Problem to work on
Report back each line of the data that contains the word "system".
>>>
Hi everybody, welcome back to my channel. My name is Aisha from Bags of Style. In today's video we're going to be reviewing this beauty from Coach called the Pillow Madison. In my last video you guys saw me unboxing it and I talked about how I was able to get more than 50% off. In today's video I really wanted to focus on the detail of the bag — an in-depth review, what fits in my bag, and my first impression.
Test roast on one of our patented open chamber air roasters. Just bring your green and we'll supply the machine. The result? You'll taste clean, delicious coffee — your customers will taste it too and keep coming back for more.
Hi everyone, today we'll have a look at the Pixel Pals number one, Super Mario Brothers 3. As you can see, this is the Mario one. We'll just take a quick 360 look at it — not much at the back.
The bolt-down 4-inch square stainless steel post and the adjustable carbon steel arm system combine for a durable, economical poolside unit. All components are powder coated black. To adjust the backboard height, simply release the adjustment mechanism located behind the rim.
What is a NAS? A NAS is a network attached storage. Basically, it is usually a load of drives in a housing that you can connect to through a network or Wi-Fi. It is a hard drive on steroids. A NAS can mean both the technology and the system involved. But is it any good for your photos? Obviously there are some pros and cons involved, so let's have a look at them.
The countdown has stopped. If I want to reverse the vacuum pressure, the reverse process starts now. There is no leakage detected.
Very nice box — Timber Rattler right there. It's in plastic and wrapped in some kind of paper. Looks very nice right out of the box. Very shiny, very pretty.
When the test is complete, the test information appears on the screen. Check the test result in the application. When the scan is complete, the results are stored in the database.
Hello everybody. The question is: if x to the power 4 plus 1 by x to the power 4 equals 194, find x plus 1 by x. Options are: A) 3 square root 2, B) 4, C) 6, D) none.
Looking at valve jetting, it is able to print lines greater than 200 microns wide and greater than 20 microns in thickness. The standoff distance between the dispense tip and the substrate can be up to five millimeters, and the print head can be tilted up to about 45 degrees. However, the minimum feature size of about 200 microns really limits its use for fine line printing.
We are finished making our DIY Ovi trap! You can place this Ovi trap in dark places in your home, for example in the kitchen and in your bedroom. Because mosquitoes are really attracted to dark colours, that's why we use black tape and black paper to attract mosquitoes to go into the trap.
<<<
Task response
The bolt-down 4-inch square stainless steel post and the adjustable carbon steel arm system combine for a durable, economical poolside unit. All components are powder coated black. To adjust the backboard height, simply release the adjustment mechanism located behind the rim.
What is a NAS? A NAS is a network attached storage. Basically, it is usually a load of drives in a housing that you can connect to through a network or Wi-Fi. It is a hard drive on steroids. A NAS can mean both the technology and the system involved. But is it any good for your photos? Obviously there are some pros and cons involved, so let's have a look at them.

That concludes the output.